His book does skirt round the tat (Brick Lane's bleak open-air yards get short shrift), highlighting instead committed dealers whose permanent shops and gallery stalls have an individuality, an interior world, of their own.
These are people who, he says, "push style in a certain direction - they are trying to break out of Grosvenor House and hit on a fairly affluent, youngish crowd. They have a clever eye. They are doing what people who work for interiors magazines are trying to do - mix together stylish curios in a fresh way. They are attempting to create a `look', to convey a lifestyle."
See whether your eye is attuned to the "look" of fashion designer Andreas Schmid's Sixties and Seventies gear in Spitalfields' Centre Market, or that of the Roughneck and Thug shop nearby, with its period quilts and curtains, men's and women's clothes, and eccentric selection of Scottish Highland jackets.
The kitchen is the easiest place to create a look. Old kitchenalia - stoneware jars, glazed jelly moulds - always look as if they have been in the family for generations. Kim Sinclair in Westbourne Grove, Portobello, heaps kitchenalia together with the odd quilt or pine chair. Hers is one of the most photographed shops in the market.
The French provincial look has been "in" for four or five years. Thomas puts a grey blob - indicating a favourite of his - against Tracey White's Corner Room in Camden Passage's Georgian Galleries.
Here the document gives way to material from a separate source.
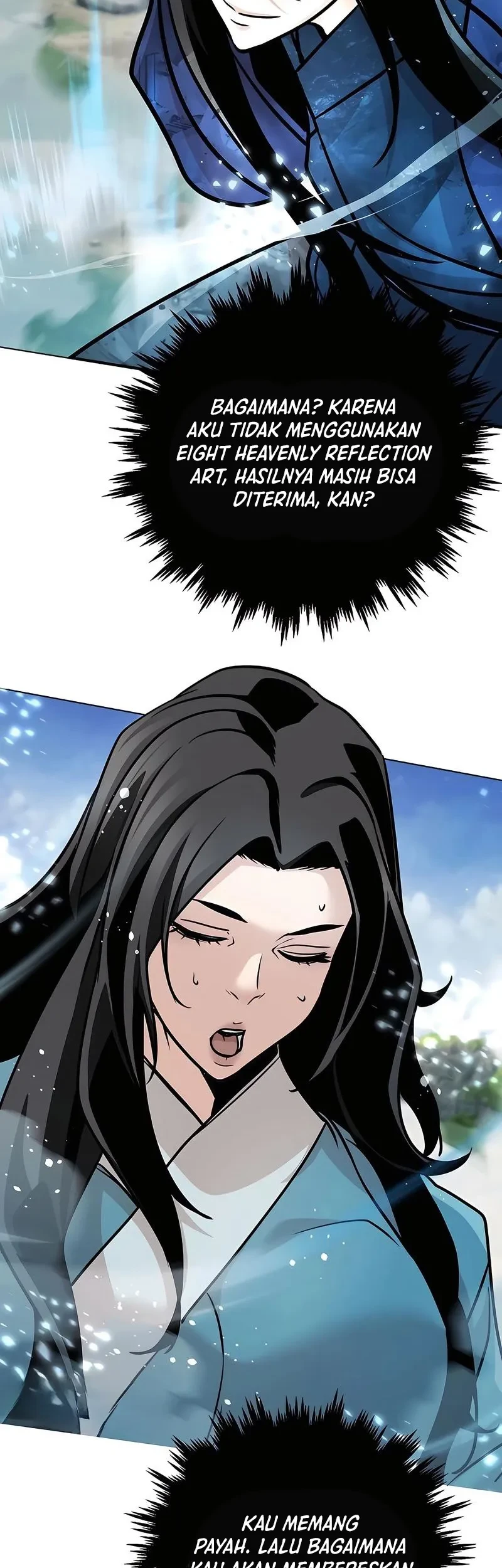 The Mysterious World’s Greatest Martial Artist Little Prince Chapter 123 page 72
It is crammed with faded beigy, creamy painted furniture with dragged surfaces, chandeliers with enamel flowers, tickings and toile de Jouy.
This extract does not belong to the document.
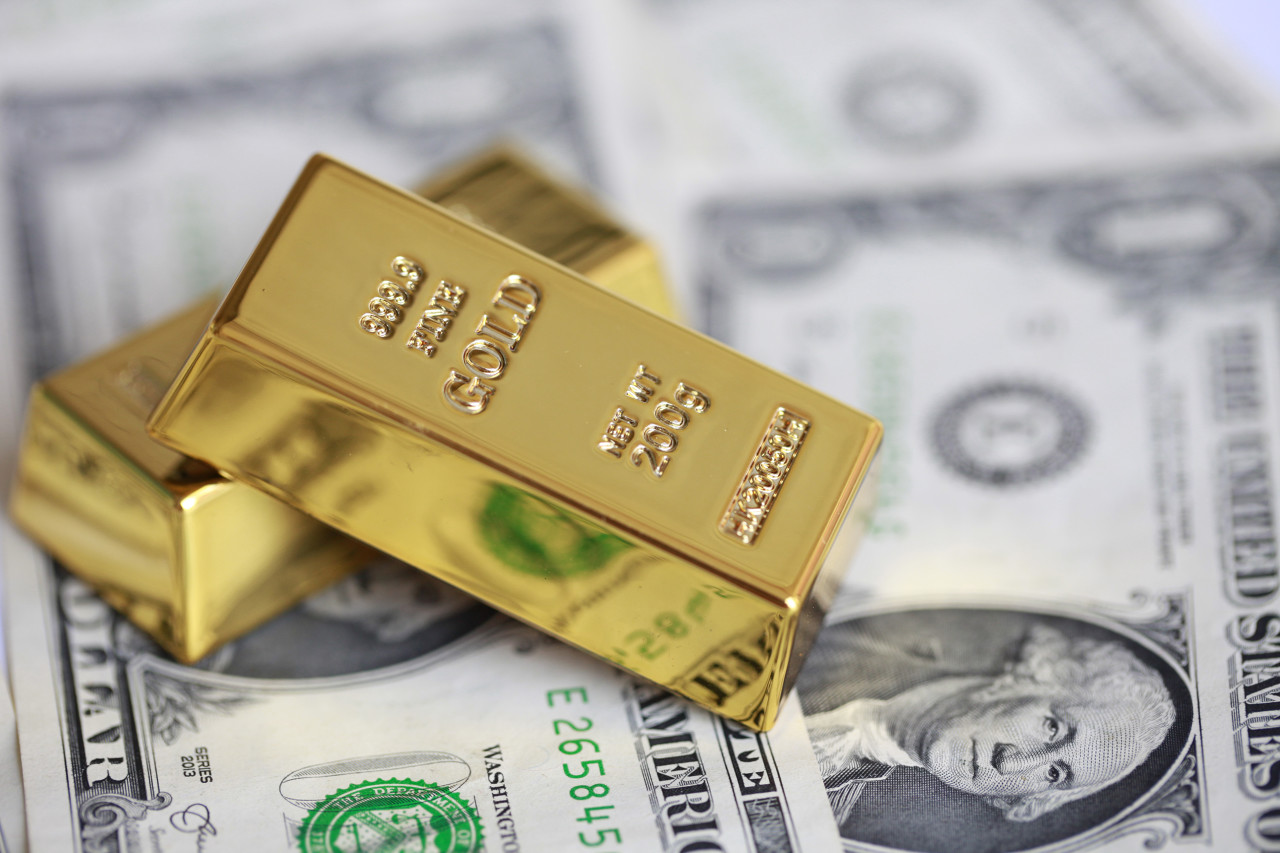 美国CPI降温 现货黄金继续高位震荡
Carved tribal figures look stunning when illuminated in a spare loft space. Try David Lewin in Portobello Road's Geoffrey Van Arcade. He also has English folk carving and textiles. But do not expect his tiny, crowded space to emulate the spare look.
A vintage slot machine for the hall? Ask Nic Costa in Camden Passage. Eighteenth-century pistol-grip knives for your carnivorous dinner guests? Visit Bill Brown in Portobello Road. These two have no equal on the high street; to find some things, you have to visit a market.
The book summarises the wares of specialist market dealers and has indexes of what to buy and where to buy it. It lists more than 650 dealers in London and Paris. Paris? If you thought Brick Lane was never-ending, you will be overwhelmed by the 15 acres of Saint-Ouen, containing 2,500 stalls along more than nine miles of aisles. And that's just one of the city's markets. Thomas's French co-author, Egle Salvy, a style journalist, provides sparser notes, which is not surprising. Junk fatigue must have set in.
Much of the French provincial gear on sale in London comes from Paris. To buy wisely, you had better know the French dealers' argot and dress properly. The same applies to London. Thomas relates that he found market traders here unaccountably tight-lipped when he approached them wearing a long "flasher-style" mac. It was not the hint of indecency that shut them up. They thought he was a tax man.
`Antique and Flea Markets of London and Paris' by Rupert Thomas and Egle Salvy (Thames & Hudson, pounds 12.95)
Three to Visit
Work by young designers and contemporary makers. A good place to look for popular and rare records, second-hand books and period fashion.
Primarily a trade market, but good for silver ware, period flatware and wrought silver items such as sugar bowls.
Junk and bric-a-brac. Don't expect to find any rare Rembrandts, says writer Rupert Thomas, but it's great fun and good rummaging, especially if you're looking for rusty old tools.